(Dataset excerpts)
####
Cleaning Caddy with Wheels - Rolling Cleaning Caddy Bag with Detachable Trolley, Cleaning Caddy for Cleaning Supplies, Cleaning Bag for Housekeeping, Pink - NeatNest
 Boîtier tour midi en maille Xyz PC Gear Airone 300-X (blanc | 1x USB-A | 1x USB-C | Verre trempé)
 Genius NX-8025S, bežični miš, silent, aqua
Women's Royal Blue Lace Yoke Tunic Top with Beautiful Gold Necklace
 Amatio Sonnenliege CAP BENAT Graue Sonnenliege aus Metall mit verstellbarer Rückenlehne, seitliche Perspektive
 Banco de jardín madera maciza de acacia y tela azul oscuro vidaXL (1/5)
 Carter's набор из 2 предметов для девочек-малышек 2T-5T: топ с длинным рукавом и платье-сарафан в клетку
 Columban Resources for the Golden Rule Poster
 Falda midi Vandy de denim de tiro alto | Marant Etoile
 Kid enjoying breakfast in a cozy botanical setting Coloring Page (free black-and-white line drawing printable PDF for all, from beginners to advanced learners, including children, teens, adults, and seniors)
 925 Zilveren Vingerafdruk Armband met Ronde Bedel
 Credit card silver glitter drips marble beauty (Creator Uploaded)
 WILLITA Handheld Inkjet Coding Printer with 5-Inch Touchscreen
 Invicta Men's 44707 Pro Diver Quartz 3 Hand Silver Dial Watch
####
# Required work
Give back all of the data exactly, with every line intact.

# Response to the exercise
Cleaning Caddy with Wheels - Rolling Cleaning Caddy Bag with Detachable Trolley, Cleaning Caddy for Cleaning Supplies, Cleaning Bag for Housekeeping, Pink - NeatNest
 Boîtier tour midi en maille Xyz PC Gear Airone 300-X (blanc | 1x USB-A | 1x USB-C | Verre trempé)
 Genius NX-8025S, bežični miš, silent, aqua
Women's Royal Blue Lace Yoke Tunic Top with Beautiful Gold Necklace
 Amatio Sonnenliege CAP BENAT Graue Sonnenliege aus Metall mit verstellbarer Rückenlehne, seitliche Perspektive
 Banco de jardín madera maciza de acacia y tela azul oscuro vidaXL (1/5)
 Carter's набор из 2 предметов для девочек-малышек 2T-5T: топ с длинным рукавом и платье-сарафан в клетку
 Columban Resources for the Golden Rule Poster
 Falda midi Vandy de denim de tiro alto | Marant Etoile
 Kid enjoying breakfast in a cozy botanical setting Coloring Page (free black-and-white line drawing printable PDF for all, from beginners to advanced learners, including children, teens, adults, and seniors)
 925 Zilveren Vingerafdruk Armband met Ronde Bedel
 Credit card silver glitter drips marble beauty (Creator Uploaded)
 WILLITA Handheld Inkjet Coding Printer with 5-Inch Touchscreen
 Invicta Men's 44707 Pro Diver Quartz 3 Hand Silver Dial Watch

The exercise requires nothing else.